When he was 15, he discovered basketball and quickly rose to varsity level on a nationally ranked high school team. The success he had during his basketball years gave Tom some of the acceptance he needed, but it also cemented his drive for success as a way to guard himself from the chaos at home. When he graduated high school, he thought that life would just keep getting better and that everything would fall into place. He joined the Air Force and even accepted Jesus into his life during a chapel service there, but there was still no outward change in his life. He tried to fill the void he experienced with relationships and eventually ended up in a marriage that only lasted six months.
After the Air Force, Tom went to San Diego State University to continue his education and find meaning for his life. It was the mid ’80s, and the university had the accurate reputation of being a party school. His time was spent competing on the volleyball team and partying with his fraternity.
He says that between the Air Force and college, he spent eight years doing anything he wanted in an attempt to fill the daily emptiness he experienced. He admits it was fun for a time, but eventually the pattern of having fun, then feeling empty, began to wear on him.

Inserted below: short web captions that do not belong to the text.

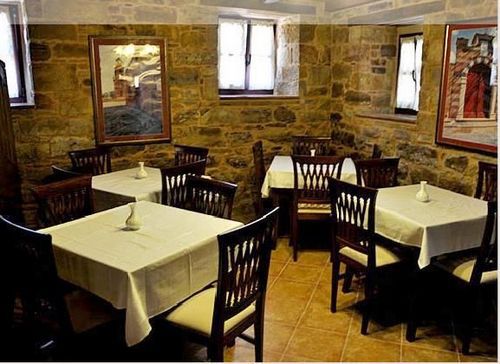 Riziko Airport Hotel Kampochora  Restaurant photo
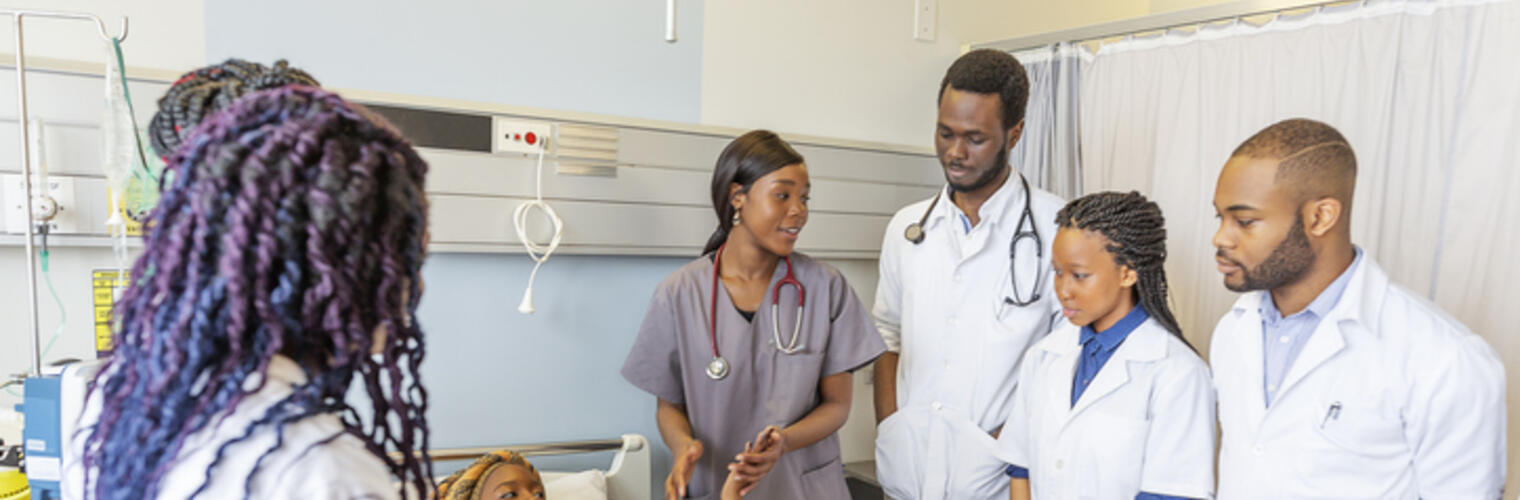 pateint in bed surrounded by medical students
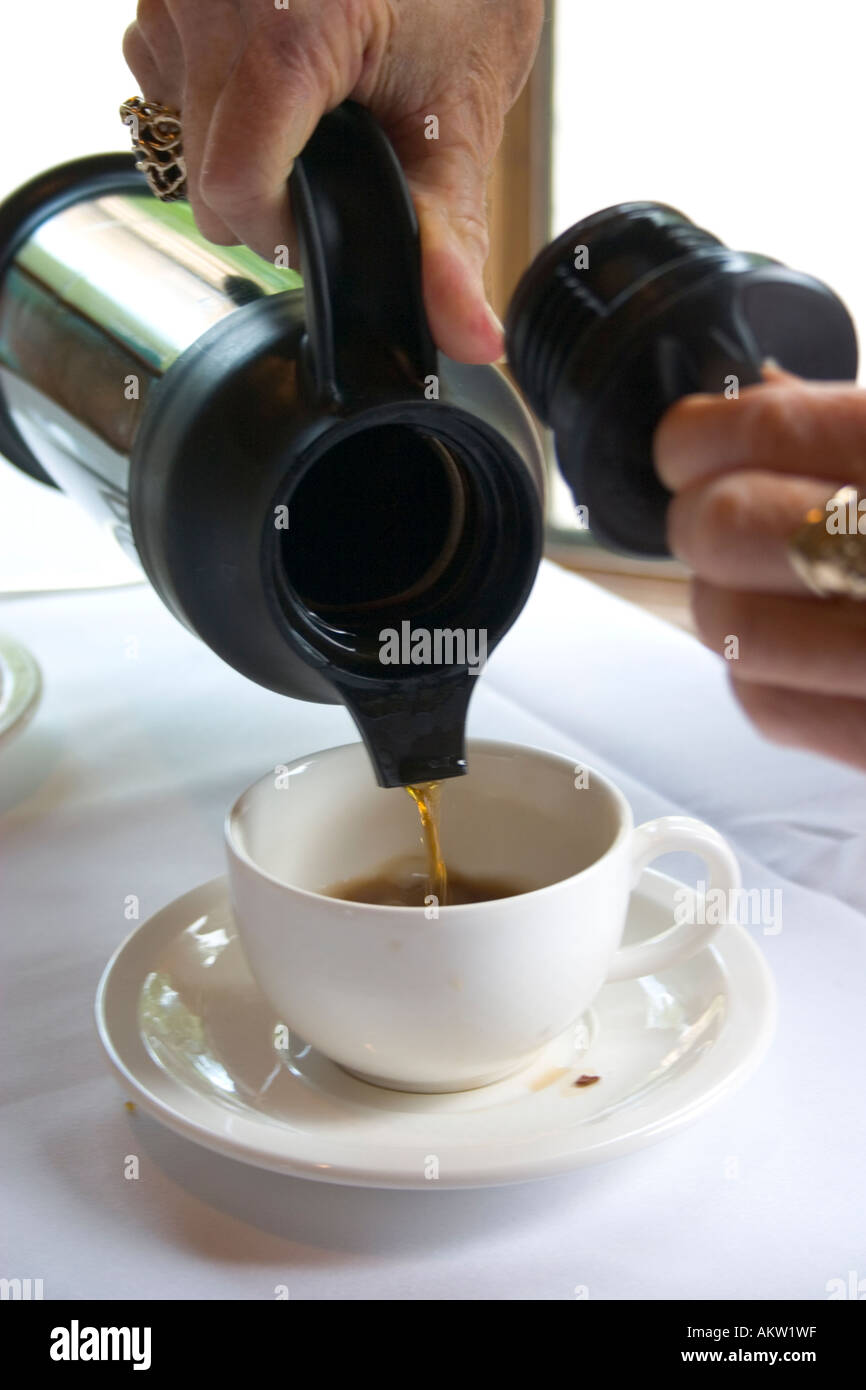 Serving Coffee In The Elegant Nicollet Island Inn Restaurant - 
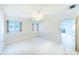 Bright bedroom with carpet flooring, windows and door to another room at 6246 Green View Cir # 97, Sarasota, FL 34231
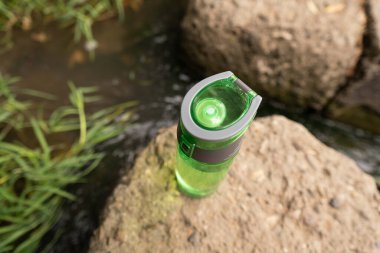 Doğa ve sağlık: nehir kenarındaki yeşil su şişesi sadece böbrek sağlığı için saf su içme ihtiyacını simgeler.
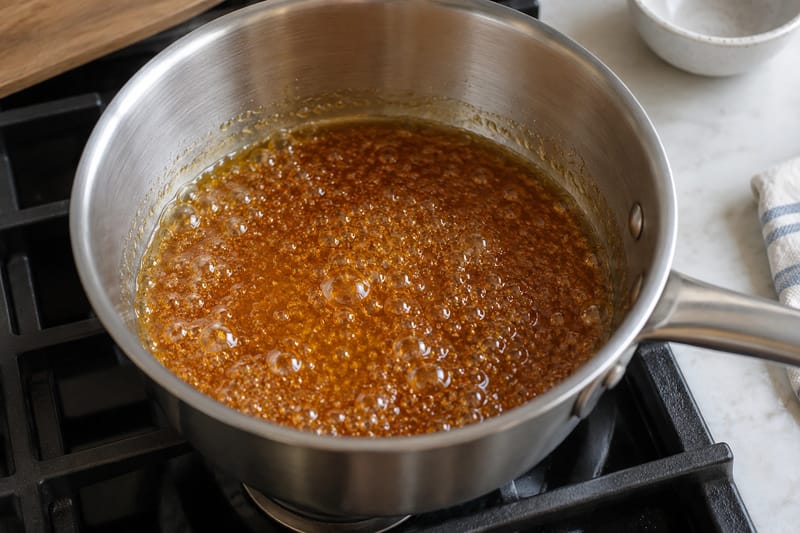 Karamel lavet med vand får ravfarve i en gryde med lys inderside. Karamel lavet med vand får ravfarve i en gryde med lys inderside.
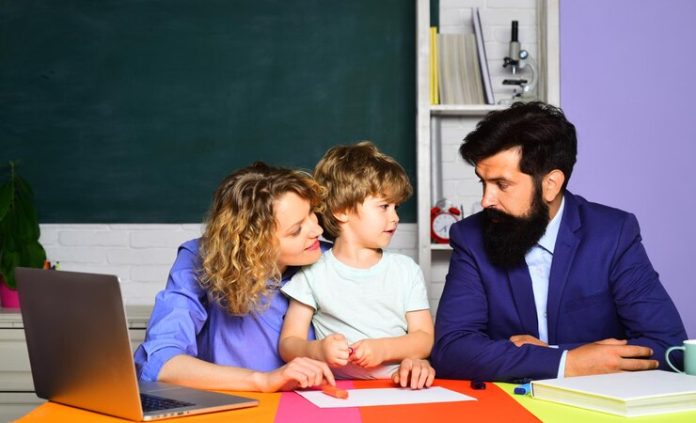 cute-pupil-his-father-mother-making-schooling-work-parenting-first-time-school-school-community-partnership-model-children-education-pupil-education-back-school-home-schooling_378307-10898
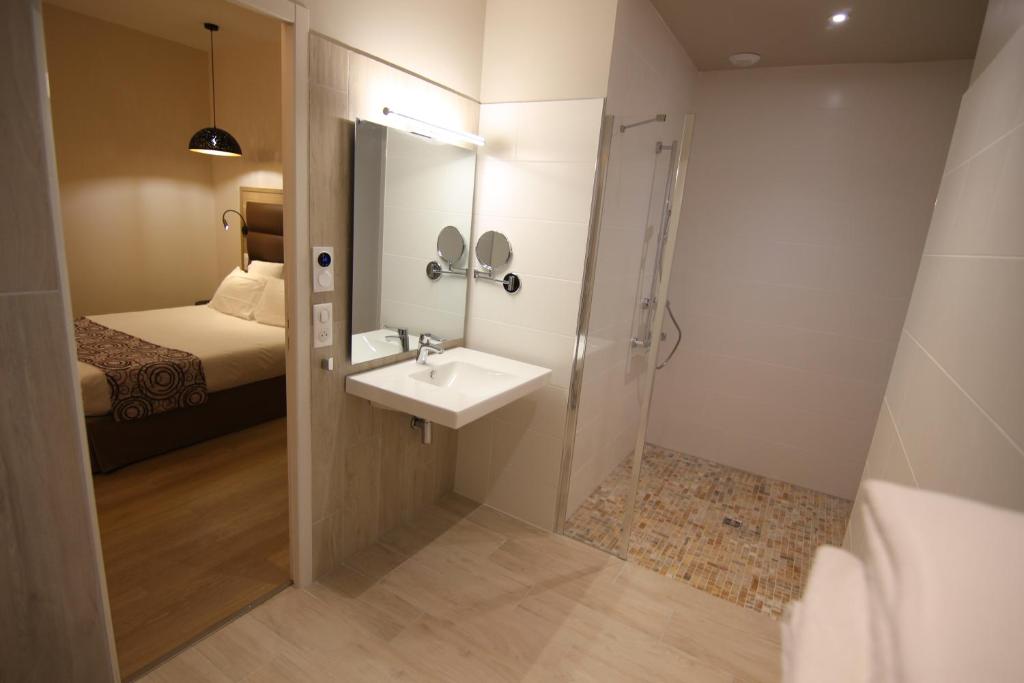 a bathroom with a sink and a shower and a bed at Hôtel Montaigne in Sarlat-la-Canéda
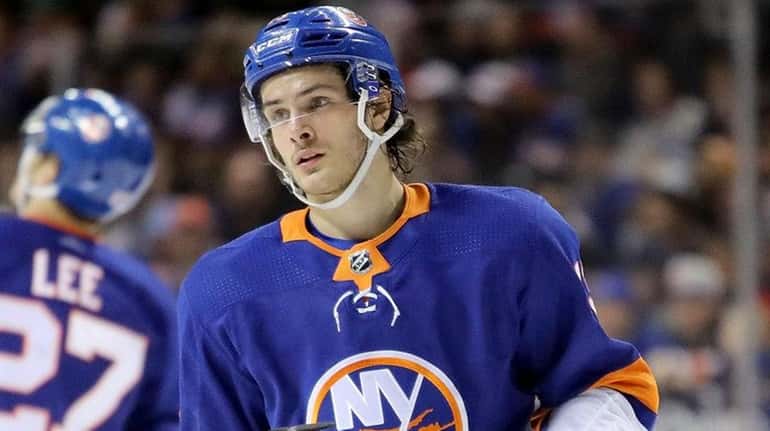 Mathew Barzal #13 of the New York Islanders reacts in...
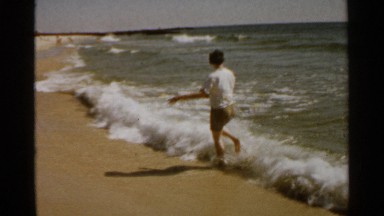 1959: a short-haired woman and a boy dressed in shorts wade in the incoming tide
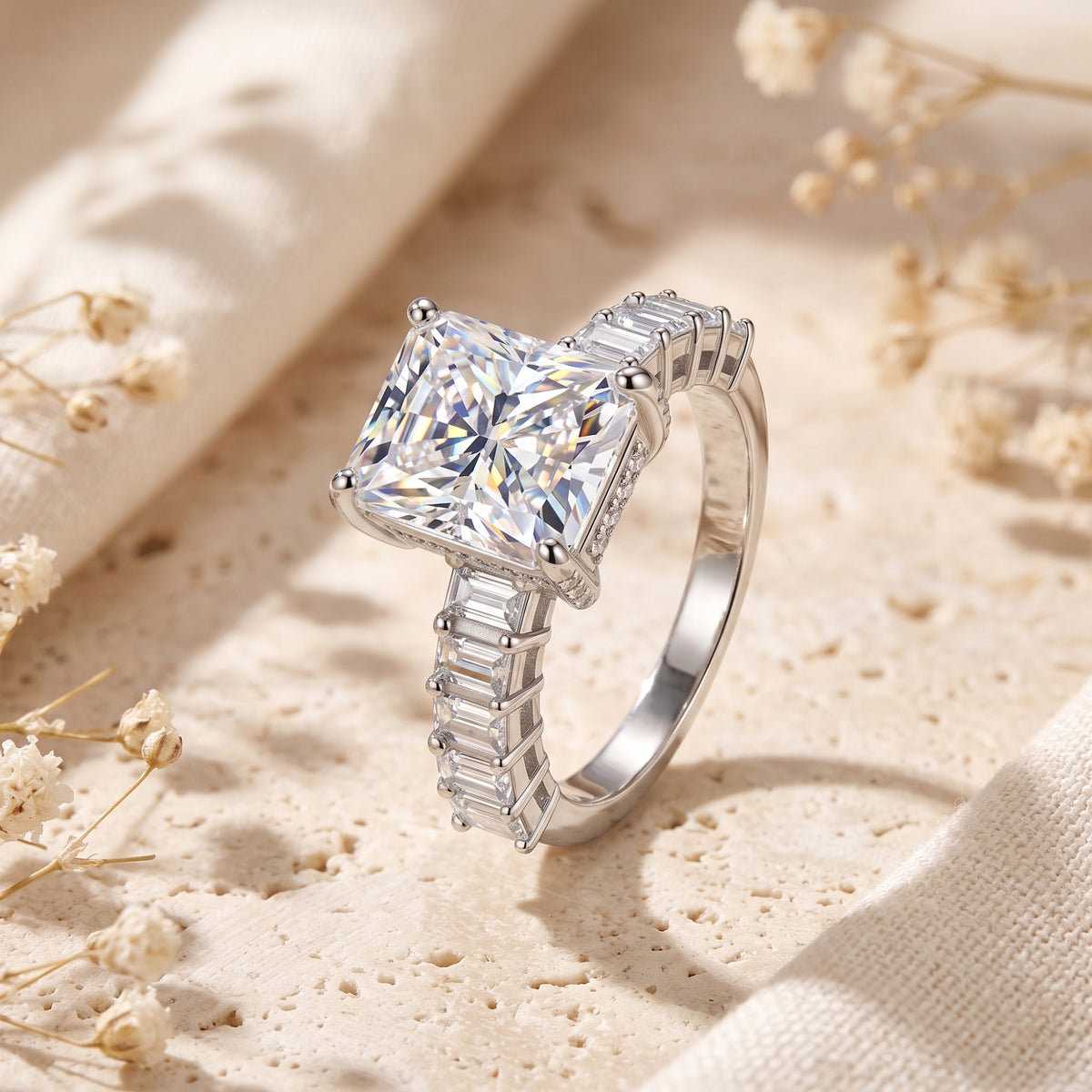 Angled side view of the sterling silver radiant cut simulated diamond ring with baguette side stones.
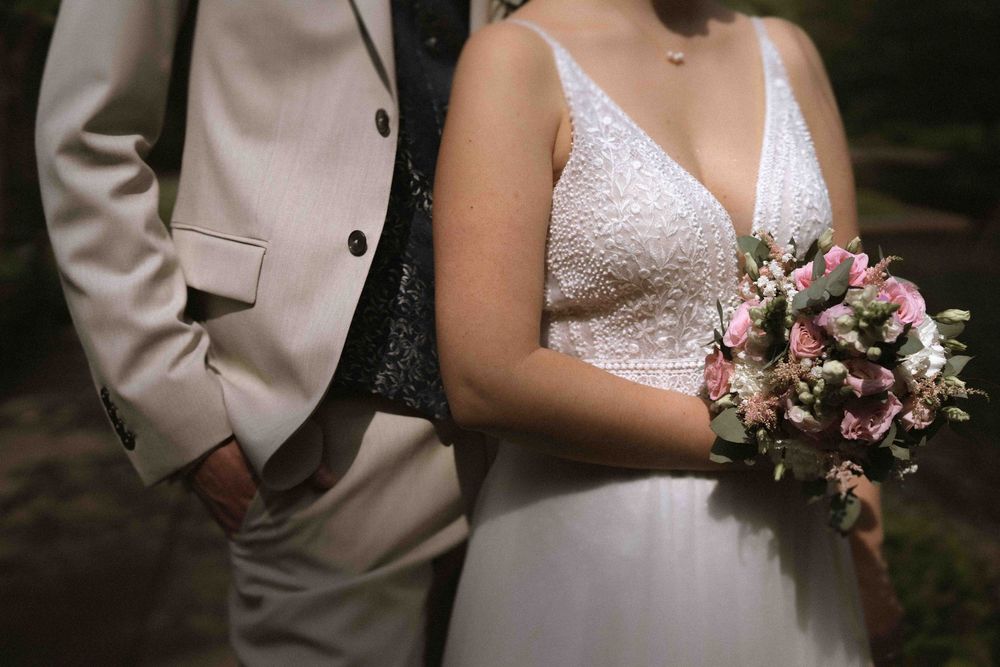 Intimate wedding portrait showing details of lace dress and light tan suit.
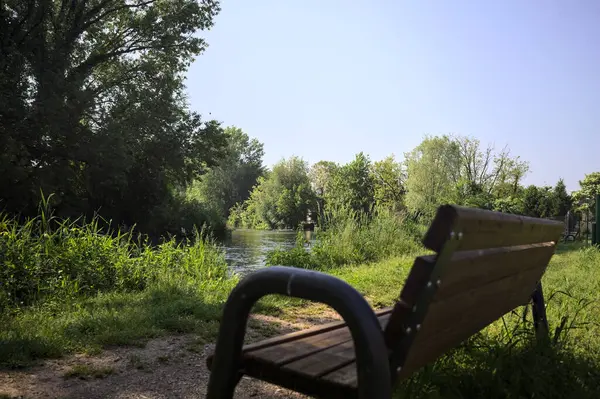 Tahta bank, kısmen gölgede, nehir kıyısında, İtalya kırsalındaki bir parkın yanında.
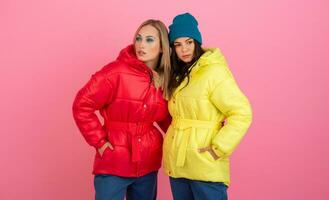 two attractive stylish women posing on pink background in colorful winter down jacket of red and yellow color, warm clothes fashion trend photo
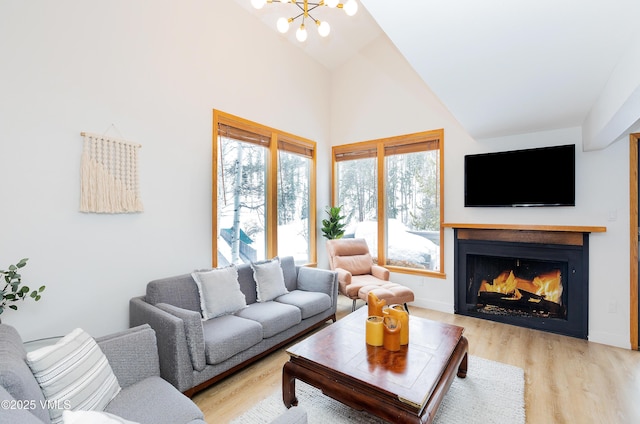 1610 Buffehr Creek Rd Unit A-22, Vail, CO 81657 - living area featuring a chandelier, high vaulted ceiling, light wood-type flooring, and a warm lit fireplace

Tom had a friend in a Christian college group — an on-campus ministry with the goal of sharing the love of Jesus with college students. He began attending their weekly gatherings, and Tom recommitted his life to Jesus. Again, his life change felt slow due to his ingrained habits and his struggle with mental illness. It took another two years of party life before he’d had enough.
“I came came to a point where I was tired of living the way I was living. I was sick and tired of being sick and tired,” Tom said.
He describes his life as a painful road but one that gave him a new way of seeing the world.
“God put me on a track, and until I could run the track the way he wanted me to, I had to keep running that track over and over,” he said. “Nothing else worked. All the stuff the world says will give you peace doesn’t. Jesus is the only way you’re going to find true peace.”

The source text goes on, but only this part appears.